The pieces of contention were in place for Bashir Mason’s Seahawks going into the 2021 offseason, yet it was the astute recruitment and signing of Rogers, a Henderson College standout, that served as the final piece to Wagner’s puzzle in a league rife with accomplished 4th and 5th year players. Rogers, a graduate senior himself, was just what the doctor ordered for the Seahawks – he served as a stout, efficient and at times athletic post presence who embraced the physicality of being a NEC five-man. On a team loaded with stars such as Alex Morales, Elijah Ford and Will Martinez, it was Rogers among the Wagner regulars who led the team in KenPom offensive rating (116.1), offensive rebounding rate (12.7%) and 2-point field goal percentage (60.4%), leading to an all-conference third team selection in his lone year on Grymes Hill.

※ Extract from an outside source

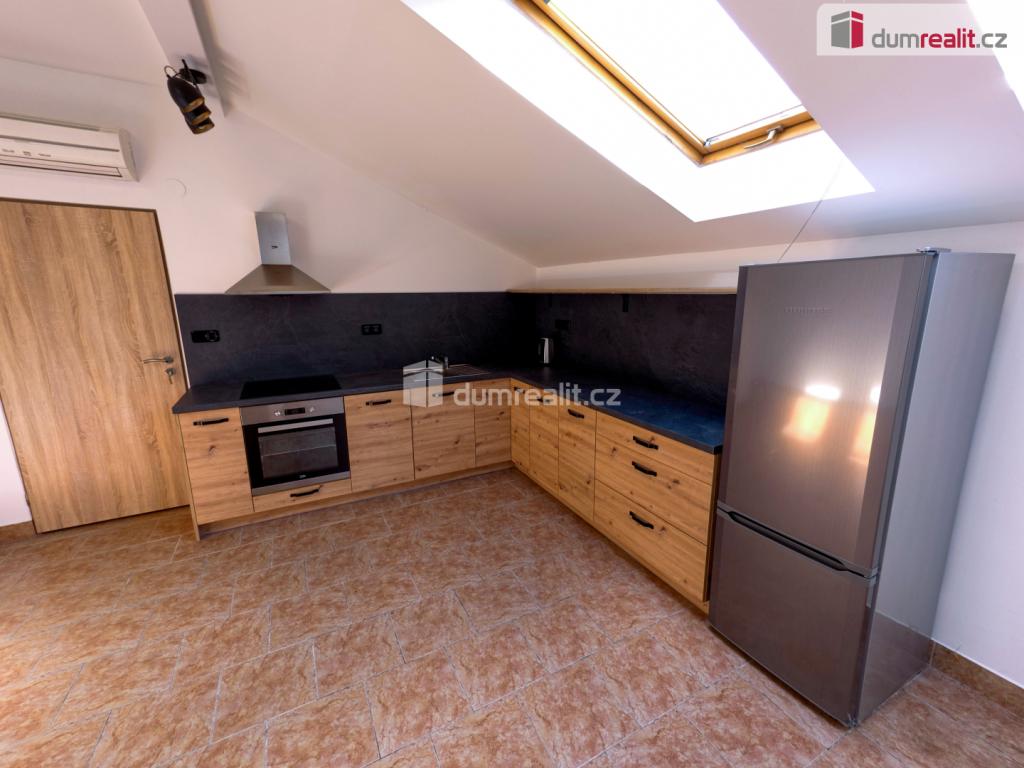 Pronájem bytu 2+kk 50 m2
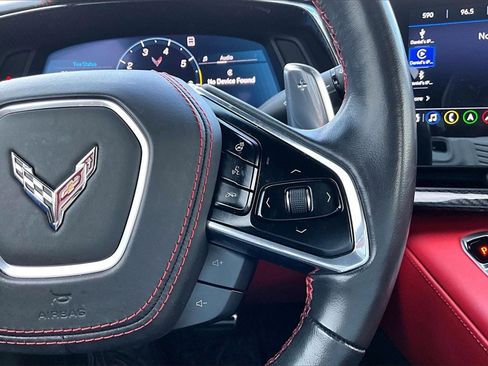 Used 2021 Chevrolet Corvette Stingray w/ Z51 Performance Package image 18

Tedrick Wilcox, St. Francis Brooklyn

Glenn Braica has been a champion of ushering in ready-to-contribute transfers for several years running, but Wilcox was Braica’s first real Division II signee who’s produced at an above average level. Currently, Wilcox sits inside Bart Torvik’s top 20 NEC players with respect to the replacement value metric PORPAGATU!, and it’s with good reason. Wilcox burst onto the scene last season at St. John’s with 19 points and 5 made triples, and since then the swingman has cast himself as the perfect blend of shotmaking, versatility and toughness to man the 3/4 position on the floor. He’s accepted the mantle of being St. Francis Brooklyn’s leading scorer over the past 3 contests, posting a combined plus/minus of +17 while scoring 1.27 points per possession per Synergy. The former Dominican College stud has all-conference upside, and he’s certainly flashing that now.

John Bunch, Monmouth

This one goes way back, but at 7-foot-2 and 320 pounds Bunch was surely memorable as a center in Dave Calloway’s attack. Much like Spellman, Bunch used his size and instincts to his advantage on the defensive end, swatting away and altering shots like none other in his time. During his senior year in 2006-07, Bunch registered the third highest block rate in the country at 17.6% and that was after posting a 16.2% block rate as a red-shirt junior. At Lincoln University, his prior stop before Monmouth, Bunch averaged a dominant 13 points, 12 rebounds and 7 blocks per game, while breaking the NCAA record for most blocks in a game with (get this) 18 rejections! To no one’s surprise, he also finished his senior campaign as a Hawk nationally ranked in offensive and defensive rebounding rate.

Juvaris Hayes, Merrimack

I saved the best for last, even though Hayes technically wasn’t a program transfer having spent his entire collegiate career under the tutelage of Joe Gallo at Merrimack. He did however, much like Sims and Burnett at Stonehill after him, transfer to the Division I level with the Warriors reclassification to the Northeast Conference, and did he ever dominate in his lone year. Not only did he eventually break the NCAA’s career record for steals at 457 thefts, but he also earned a spot on the NEC’s all-conference first team as well as become the league’s defensive player of the year with a league leading 121 steals and a NCAA Division I leading steal rate of 6.5%. His impact offensively was impressive as well with a 38% assist rate (12th in D1) and 19 games cracking the double digit threshold in scoring. Can someone please arrange a one-on-one contest between Hayes and Demetre Roberts, pretty please?